Chaque nouvelle met en scène un moment singulier qui révèle quelque chose d’enfoui ou de secret. Dragomán décrit des personnages hantés par leur passé, comme ce jeune homme incapable de regarder une carte de l’Europe sans se sentir « obligé d’indiquer sur une carte vierge où se trouvaient les charniers et les plus grands combats », ou encore celui qui, en se rendant dans le village de son enfance, au café de sa grand-mère dont le rideau est désormais tiré depuis de nombreuses années, sent ses « narines s’emplir de l’odeur de l’huile brûlante et de la pâte qui cuit en grésillant », repensant à « la surface grasse de la crêpe enroulée, à la confiture de fraises traversant ses plis et se déversant sur [s]a langue » dans « L’argent familial ». Il est question dans Le chœur des lions de frontière, d’exil, de refuge et d’une chanson qui « parle de grands arbres, d’une forêt noire où les hommes se perdent », annonçant la dernière nouvelle du recueil.
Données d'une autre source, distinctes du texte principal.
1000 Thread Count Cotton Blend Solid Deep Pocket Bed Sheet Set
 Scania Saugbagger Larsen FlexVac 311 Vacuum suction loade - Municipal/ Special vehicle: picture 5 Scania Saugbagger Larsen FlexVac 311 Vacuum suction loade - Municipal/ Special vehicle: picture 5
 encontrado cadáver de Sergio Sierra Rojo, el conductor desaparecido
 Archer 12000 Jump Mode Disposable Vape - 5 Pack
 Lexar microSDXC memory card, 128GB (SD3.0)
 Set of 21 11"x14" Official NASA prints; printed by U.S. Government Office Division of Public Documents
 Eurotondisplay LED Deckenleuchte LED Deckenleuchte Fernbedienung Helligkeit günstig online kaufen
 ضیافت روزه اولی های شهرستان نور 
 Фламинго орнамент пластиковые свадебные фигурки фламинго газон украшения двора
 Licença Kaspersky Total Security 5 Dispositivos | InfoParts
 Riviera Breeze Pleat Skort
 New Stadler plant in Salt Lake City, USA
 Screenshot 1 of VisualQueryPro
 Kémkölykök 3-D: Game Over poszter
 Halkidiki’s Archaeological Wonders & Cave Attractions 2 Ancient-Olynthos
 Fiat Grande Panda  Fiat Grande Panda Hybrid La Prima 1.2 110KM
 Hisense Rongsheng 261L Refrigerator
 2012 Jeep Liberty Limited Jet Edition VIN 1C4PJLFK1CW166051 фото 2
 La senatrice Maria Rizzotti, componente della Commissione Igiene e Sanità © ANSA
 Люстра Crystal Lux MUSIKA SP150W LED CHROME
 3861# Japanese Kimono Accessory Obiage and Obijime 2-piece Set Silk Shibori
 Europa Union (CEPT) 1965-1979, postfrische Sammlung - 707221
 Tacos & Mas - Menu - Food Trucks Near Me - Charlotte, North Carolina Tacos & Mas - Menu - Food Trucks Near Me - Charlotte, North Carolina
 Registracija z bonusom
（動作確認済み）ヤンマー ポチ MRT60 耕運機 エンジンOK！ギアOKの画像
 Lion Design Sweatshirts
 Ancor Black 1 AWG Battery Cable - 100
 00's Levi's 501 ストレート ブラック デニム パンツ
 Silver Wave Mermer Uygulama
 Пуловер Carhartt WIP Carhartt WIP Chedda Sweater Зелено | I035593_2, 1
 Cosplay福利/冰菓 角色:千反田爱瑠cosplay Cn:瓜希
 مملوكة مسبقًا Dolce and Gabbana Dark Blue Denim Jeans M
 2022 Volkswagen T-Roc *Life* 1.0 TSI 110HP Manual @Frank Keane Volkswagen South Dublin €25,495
Les ombres de l’Histoire planent dans le creux de ces récits, sans pour autant que la mélancolie réussisse à l’emporter sur l’amour et l’humour. Il évoque en effet combien les rapports entre les individus d’une même famille sont teintés d’amour et de cruauté dans le même temps, et on se délecte dans « Le balai » de la mise en scène orchestrée par un père et son fils pour faire croire à la mère à un AVC du père. On rit aussi de la comédie que joue le petit Karcsika pour avoir ce dont il rêve par-dessus tout, un chien, que l’ange finit par lui apporter, « par l’entremise de Mamie » tout en s’émouvant des différentes relations qui se tissent au sein de la famille.
L’originalité des situations, la justesse des propos, la qualité aussi de la traduction de Joëlle Dufeuilly, font du Chœur des lions un délice de lecture. Dragomán souligne toutes les petites ironies de la vie, sans jamais oublier que ces malentendus, ces douleurs ou ces non-dits ne sont pas dénués d’amour. « Cry me a river » est de ce point de vue une absolue réussite et touche au cœur. Ces dix-huit nouvelles témoignent de la richesse de la palette de l’écrivain hongrois, déclinant avec subtilité les variations de l’âme, composant entre les individus et les situations une mélodie singulière et envoûtante.